By Václav Havel

The New Yorker, December 20, 1993

FRANK ZAPPA was one of the gods of the Czech underground during the nineteen-seventies and eighties. It was an era of complete isolation. Local rock musicians and audiences were hounded by the police, and for those who refused to be swept aside by persecution—who tried to remain true to a culture of their own—Western rock was far more than just a form of music. At that time, Frank Zappa hung somewhere high up in the heavens, a star as inaccessible as the many others whose influence was felt in the local scene, like the Velvet Underground and Captain Beefheart. I never dreamed that I might meet him one day, but shortly after the revolution, when I was already President, Zappa turned up in Prague. He arrived during a period still vibrant with revolutionary energy. He jammed with local musicians and paid me a visit in the Castle, and we went out drinking together. He was the first rock celebrity I had ever met, and, to my great delight, he was a normal human being, with whom I could carry on a normal conversation. He was eager to learn everything he could about the radical changes taking place in the countries of the former Soviet bloc. He was curious about what this sudden collapse of a bipolar world might bring. He wanted to know what we thought about the future position of the Soviet Union in world politics, and he probed us about the negative as well as the positive aspects of the “velvet” course we had set for ourselves.

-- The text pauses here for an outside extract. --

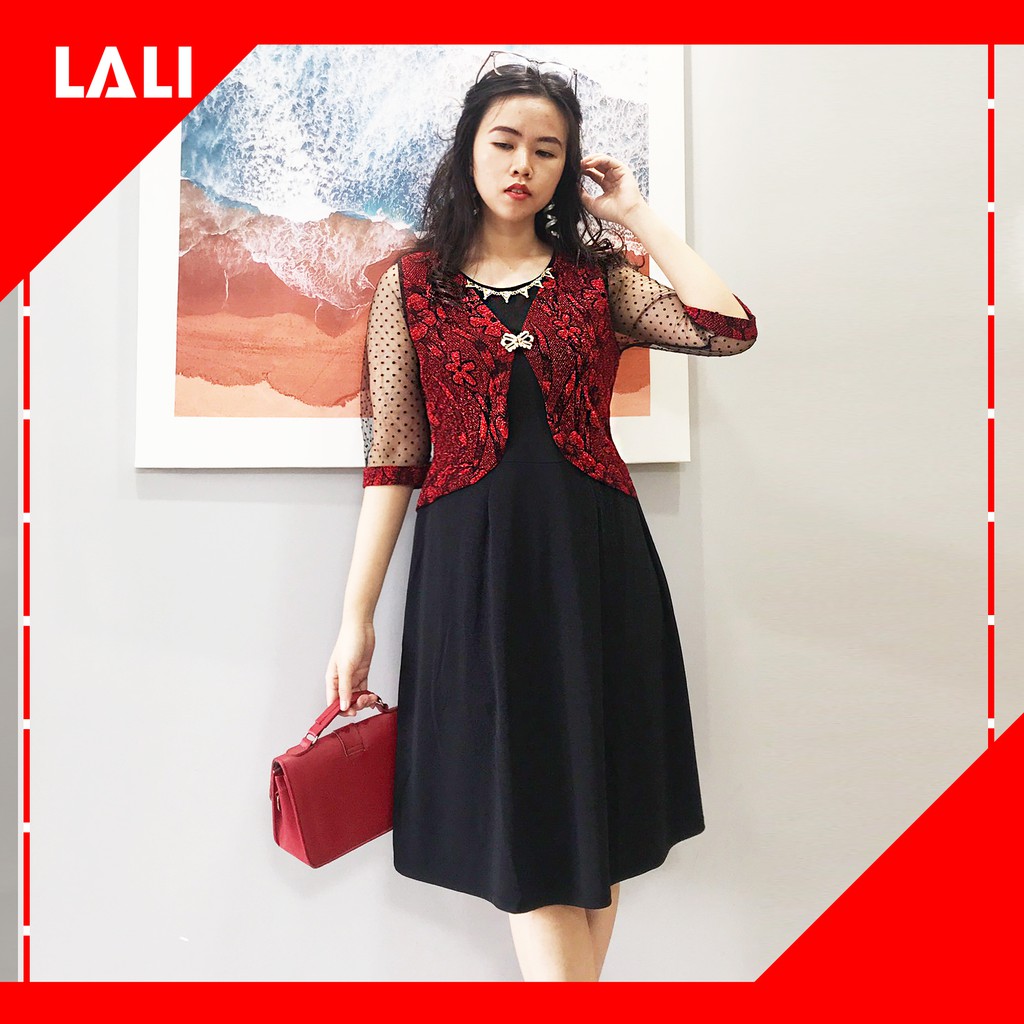 [Mã FAMAYFA2 giảm 10K đơn 50K] Đầm nữ trung niên hoa Ordin, Váy trung niên dáng xòe tay lửng MS70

What fascinated and excited him was the idea that the artist had a role to play in active politics. He gave serious thought to offering unofficial assistance to our country, in both cultural and economic spheres, and I learned later that he had discussed the matter in detail with several ministers. Perhaps his illness prevented him from taking on this kind of work, but his sincere concern for our country made a deep impression un me. So did his appearance with Michael Kocab and his band, Prague Select, at a gala concert in June of 1991 to celebrate the final departure of the Soviet troups from Czechoslovakia after an occupation of almost twenty-three years. He was seriously ill at the time, but he took part all the same. It was one of his last appearances as a rock musician.

I thought of Frank Zappa as a friend. Meeting him was like entering a different world from the one I live in as President. Whenever I feel like escaping from that world—in my mind, at least—I think of him.